Syncsort’s Response to Blockchain

For their part, Syncsort is preparing for the expansion by investing in technology to move data in and out of blockchain. Yoğurtçu said she believes the company is in the best position to manage this data migration because of their existing expertise moving data in and out of mainframe, Hadoop, cloud and on premise data stores as well as streaming distributed platforms.

But she also believes Syncsort can play a role in the governance issues related to blockchain. “When we talk about the participants in a particular domain in blockchain, there is the address, the geocode, and our data quality and integrated portfolio in general fit very well with this,” Yoğurtçu said. “We will be looking at how we can leverage some of the global locators for data quality in the blockchain environment.”

When data is brought into blockchain, the platform will likely have the same challenges as other platforms in ensuring that once data is in the data lake or warehouse, it can then be extracted for use by applications. And this will lead to data quality, synchronization, and integration problems, and these will need to be supported by a product like Syncsort.
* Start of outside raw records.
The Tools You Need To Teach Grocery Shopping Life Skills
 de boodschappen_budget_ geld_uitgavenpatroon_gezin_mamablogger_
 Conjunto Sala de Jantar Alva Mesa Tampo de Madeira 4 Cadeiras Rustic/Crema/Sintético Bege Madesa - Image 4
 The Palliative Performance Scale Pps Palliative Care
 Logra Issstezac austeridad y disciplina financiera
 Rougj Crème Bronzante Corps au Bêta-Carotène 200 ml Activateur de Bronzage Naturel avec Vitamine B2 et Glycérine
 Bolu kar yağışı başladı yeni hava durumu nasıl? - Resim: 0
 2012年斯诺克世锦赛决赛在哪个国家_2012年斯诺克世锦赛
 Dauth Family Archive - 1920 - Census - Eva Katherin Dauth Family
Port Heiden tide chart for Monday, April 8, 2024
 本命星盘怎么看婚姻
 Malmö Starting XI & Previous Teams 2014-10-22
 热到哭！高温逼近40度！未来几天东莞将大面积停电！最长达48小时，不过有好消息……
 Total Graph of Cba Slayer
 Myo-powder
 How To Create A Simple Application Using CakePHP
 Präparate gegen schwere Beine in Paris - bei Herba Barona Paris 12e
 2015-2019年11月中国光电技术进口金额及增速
Yoğurtçu also said Syncsort intends to increase the number of security products in the company’s portfolio that can leverage blockchain. As part of this, Syncsort will be partnering with the Hyperledger project.

“We see Hyperledger as the most enterprise-ready project,” she said. “We announced our participation in the project, and we are really excited about it.  It’s similar to how our Hadoop journey started in 2010.  We started by contributing to the open source project. Being part of the community and collaborating enables us to weigh in on areas that matter for our enterprise customers. We will work with the rest of the Hyperledger community.”

It’s too early to know the complete shape of the blockchain universe and how companies will use it in the future. But as the technology continues to gain traction, it’s worth analyzing the most promising use cases as well as how businesses like Syncsort are responding as a way to predict what happens next.